### Listed entries
# # # #

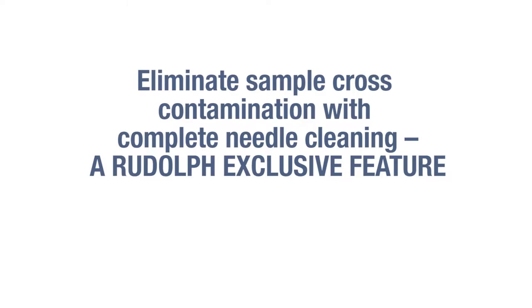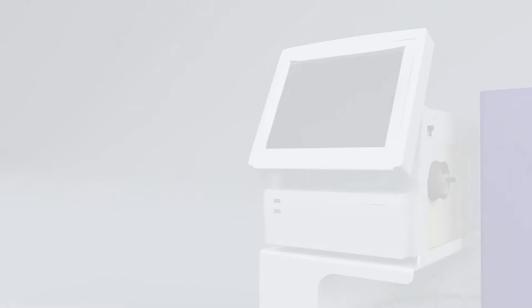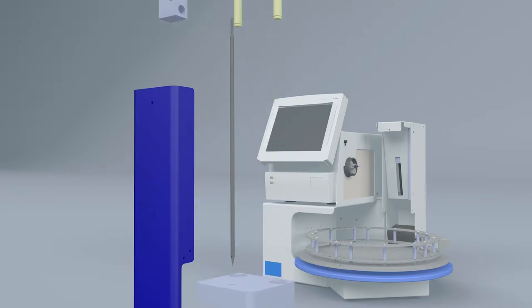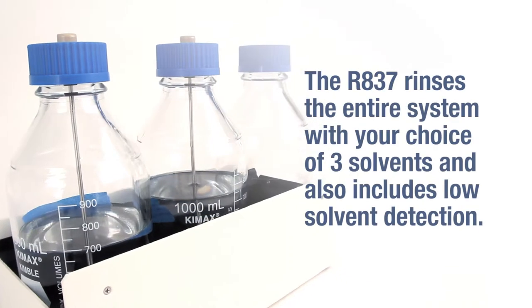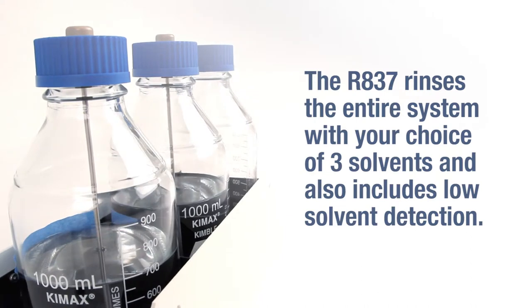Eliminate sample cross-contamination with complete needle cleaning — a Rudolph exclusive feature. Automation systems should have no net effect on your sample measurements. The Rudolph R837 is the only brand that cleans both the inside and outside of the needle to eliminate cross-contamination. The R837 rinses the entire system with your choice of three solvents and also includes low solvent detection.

# # # #

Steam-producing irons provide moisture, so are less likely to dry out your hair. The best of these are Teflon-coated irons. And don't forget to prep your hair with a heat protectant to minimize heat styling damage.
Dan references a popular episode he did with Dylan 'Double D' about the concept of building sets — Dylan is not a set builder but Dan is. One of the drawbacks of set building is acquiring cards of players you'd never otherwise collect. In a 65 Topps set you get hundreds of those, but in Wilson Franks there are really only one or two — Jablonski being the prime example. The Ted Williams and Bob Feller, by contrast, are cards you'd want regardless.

# # # #

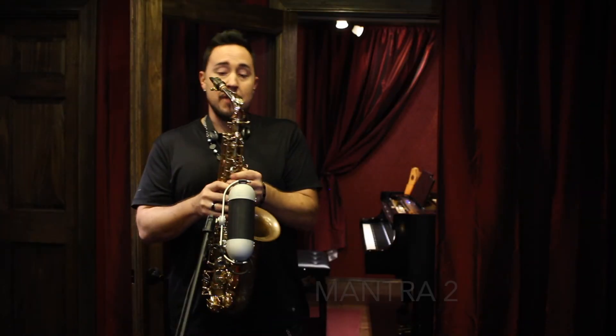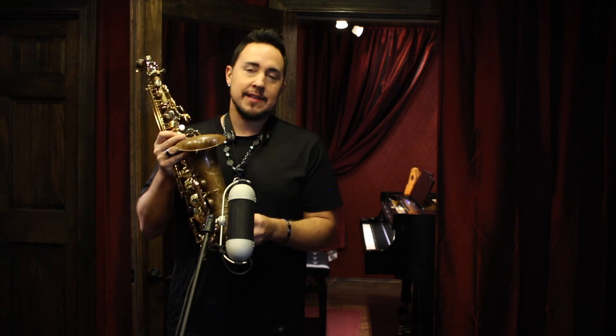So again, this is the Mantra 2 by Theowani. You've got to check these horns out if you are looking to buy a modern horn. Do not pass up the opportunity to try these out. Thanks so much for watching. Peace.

# # # #

### Task item
Would you retype exactly the lines above, from the line with "Steam-producing irons provide" to the line with "Dan references a", with both end lines kept and nothing more?

### Output for this exercise
Steam-producing irons provide moisture, so are less likely to dry out your hair. The best of these are Teflon-coated irons. And don't forget to prep your hair with a heat protectant to minimize heat styling damage.
Dan references a popular episode he did with Dylan 'Double D' about the concept of building sets — Dylan is not a set builder but Dan is. One of the drawbacks of set building is acquiring cards of players you'd never otherwise collect. In a 65 Topps set you get hundreds of those, but in Wilson Franks there are really only one or two — Jablonski being the prime example. The Ted Williams and Bob Feller, by contrast, are cards you'd want regardless.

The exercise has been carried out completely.